Poorer gloss quality. Personally, I have viewed many, many contest quality models that have been meticulously rubbed out with all orange peel removed and have been polished to a spectacular shine. Regardless of how well built the model is or how reputable the builder, I have never seen an enamel finish with a level of gloss quality comparable to a similarly treated lacquer finish - bar none. Photos in magazines may look convincing, but viewed side by side in person the differences in quality are clearly visible. Devotees of hobby enamels may disagree when they read this, especially if they've never worked with lacquer. I attend modeling events nationwide and welcome anyone who meets me to prove me wrong.

Wait! Don't change the channel! I do not at all intend for that statement to sound lofty. It's not a modeler's skill I'm referring to but rather the chemistry of the materials themselves. Simply stated, the resins and polymers in lacquer hold the edge over enamel by providing better gloss through its chemical component design. Any modeler could apply his skills equally to an enamel or lacquer finish and should readily be able to see the difference. Those modelers who are able to attain a level of quality with an enamel finish approaching that of lacquer would likely have spent a substantially greater amount of time and effort to do so, although in my experience I have yet to see any enamel finish surpass the quality of lacquer. 
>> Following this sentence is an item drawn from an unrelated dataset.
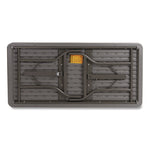 IndestrucTable Industrial Folding Table, Rectangular, 72" x 30" x 29", Charcoal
Less durable. This is closely related to the reasons discussing enamel's poorer gloss quality. A harder, more durable surface allows polishing materials, whether they're sanding cloths or liquid polishes, to better and more evenly smooth the surface of a finish. Again, the very chemical advantages of lacquer's resins and polymers are what's responsible. This is also a factor to consider over the course of time. Repeated cleaning of dirt and dust and polishing can wear down and diminish the qualities of an enamel finish far quicker than a lacquer finish.
More expensive. The differences here are dramatic and apply across the board. Compared side by side on average, mainstream hobby enamel paints are currently retail priced about three to five times higher than their premium quality lacquer counterparts. Enamel thinners as much as six to eight times higher than lacquer thinners. Some of this has to do with the cost of packaging, but not nearly enough to be responsible for these wide gaps in pricing.


The term "lacquer" applied to the label of a hobby paint product rarely, if ever, refers to the contents being a true lacquer formula. These are typically enamels that have instead been modified by being formulated with a different, sometimes harsher solvent base, quite often toluene or a toluene variant. For purposes of this tutorial, hobby lacquers can be included in the above comparisons since their properties are essentially the same as those of any conventional solvent based hobby enamel.


Hopefully it's apparent: lacquer = better, faster performance for less cost and effort. This is not to say that hobby enamels do not have their uses. They do provide decent results. I use them often myself and recommend them for brush and detail painting as well as airbrushing flat, semi-gloss, and metal appearance finishes. But when it comes to applying the ultimate gloss finish, lacquer has no peer.